Arábia Saudita, Turquia e Paquistão assinam pacto de defesa mútua
O acordo de cooperação militar determina que um ataque armado contra qualquer um dos três signatários do denominado Acordo de Defesa Conjunta de Meca será considerado um ataque contra todos
Publicado: 07/08/2026 às 13:34
Muçulmanos xiitas gritam palavras de ordem durante um protesto contra a onda de ataques israelenses contra o Irã, em Skardu, na região montanhosa de Gilgit-Baltistan, no Paquistão, em 13 de junho de 2025. O Paquistão, o único país islâmico com armas nucleares, "condenou veementemente" em 13 de junho uma onda de ataques israelenses contra seu vizinho Irã. (Foto de Manzoor BALTI / AFP) ( AFP)
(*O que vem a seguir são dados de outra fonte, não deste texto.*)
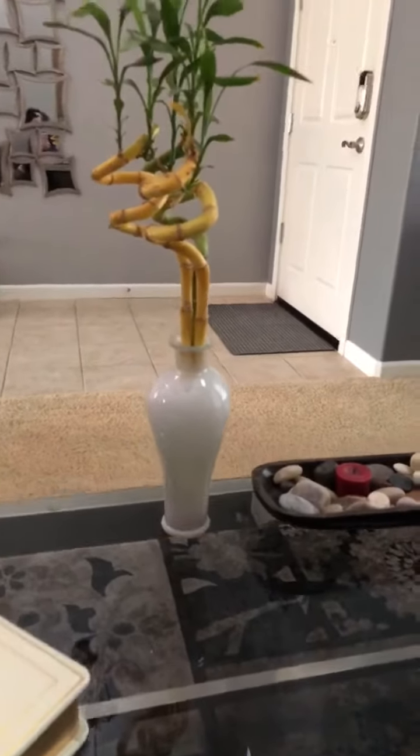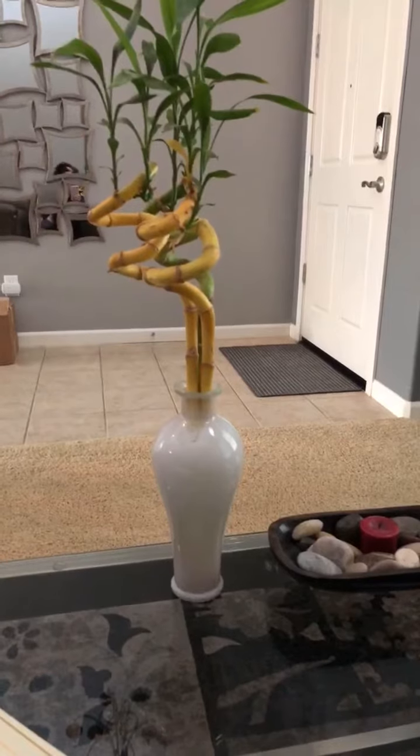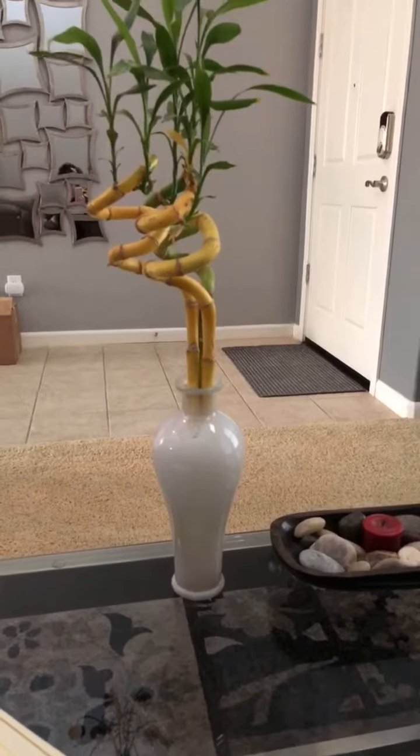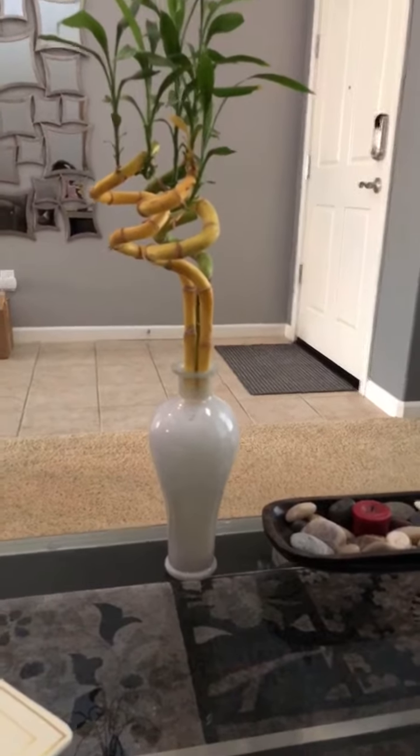I'm going to flip the camera around for a second. I love bamboo, and there's my little guy right there. This bamboo was green about a week ago, and I watered it with tap water because I was in a hurry. Within 48 hours of putting tap water in the vase, one of them started to turn yellow, and within a day all three of them turned yellow and died.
Após um ano de negociações, autoridades da Arábia Saudita, da Turquia e do Paquistão assinaram, nesta sexta-feira (7), em Meca, um acordo de cooperação militar que inclui uma cláusula de defesa e proteção coletiva e mútua.
O documento determina que um ataque armado contra qualquer um dos três signatários do denominado Acordo de Defesa Conjunta de Meca será considerado um ataque contra todos. No entanto, não foram divulgados detalhes sobre o alcance dos compromissos assumidos por cada um dos países.
O pacto também tem como objetivo reforçar a dissuasão contra agressões externas, além de fortalecer a promoção da paz, da segurança coletiva e da estabilidade no Oriente Médio. O acordo de proteção mútua também guarda semelhanças com o princípio estabelecido no artigo 5º do Tratado do Atlântico Norte, documento fundador da OTAN.
Além disso, o Acordo de Meca mantém em aberto a adesão de outras nações da região e não anula acordos bilaterais ou multilaterais firmados anteriormente.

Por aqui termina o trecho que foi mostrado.